''To play 50 Tests for Australia is a dream,'' the 29-year-old pace bowler told a news conference yesterday.
''You play one Test match when you're 23 and you think this is just brilliant. You hope one day to play 50 or even 100 Test matches, but it's a lot of cricket.'' Despite feeling tired after a long season, Lee believes he has a good chance of making 100 Test appearances. Nine Australians have played more than a century of Test matches, led by former captain Steve Waugh on 168.
''Fifty Test matches over five or six years is a definite possibility,'' Lee said.
''That's making sure, too, that I'm being looked after and looking after myself.
''I think about what's happened over the past 50 Tests, and if I wasn't injured and had that time, I could possibly have played 60 or 70 Tests by now.
''Since the start of the Ashes I've had a really hectic workload,'' Lee said.
''I've played almost every One-dayer for Australia since then and all the Test matches, too.

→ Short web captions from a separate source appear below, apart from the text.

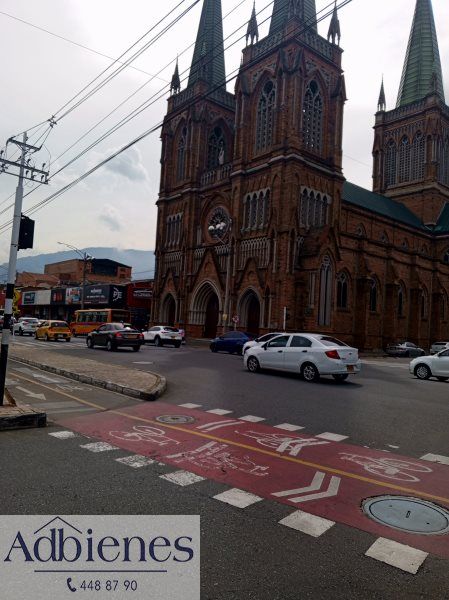 Local en arriendo Antioquia Medellín Perpetuo Socorro 212 m2 Habitaciones 0 Baños 2 Garajes 0 Precio $10000000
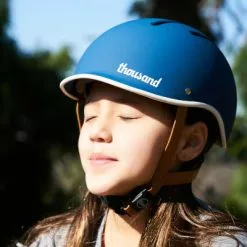 Casque Enfant Bleu Thousand Jr Avec Autocollants -Abus Soldes casque enfant bleu thousand jr avec autocollants full 5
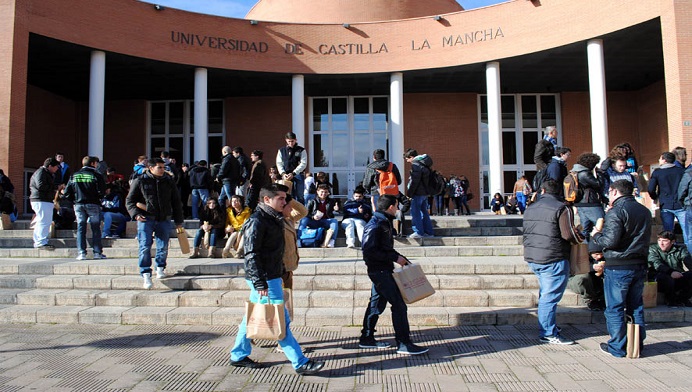 Las acciones de la Universidad de Castilla contra un usuario de Facebook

I've done a fair bit of bowling and it does take a fair bit out of the body.
''But I'm training hard and I've put myself in a position where I hope I can sustain that.'' Lee said Australia's decision to stick to basic bowling tactics had paid off in the first Test which they won by seven wickets inside three days on Saturday.
''We tried to work on being ruthless, just hitting the top of off-stump consistently,'' Lee said.
''It doesn't matter what batsman in the world it is, if you're bowling a decent channel and line and length you're giving yourself every opportunity of taking nicks.'' Australia's season will end after their tour to Bangladesh in April when they play two Tests and three One-dayers.
''After that Bangladesh series I can clock off, it's like Friday afternoon for a guy who goes to work all week,'' Lee said.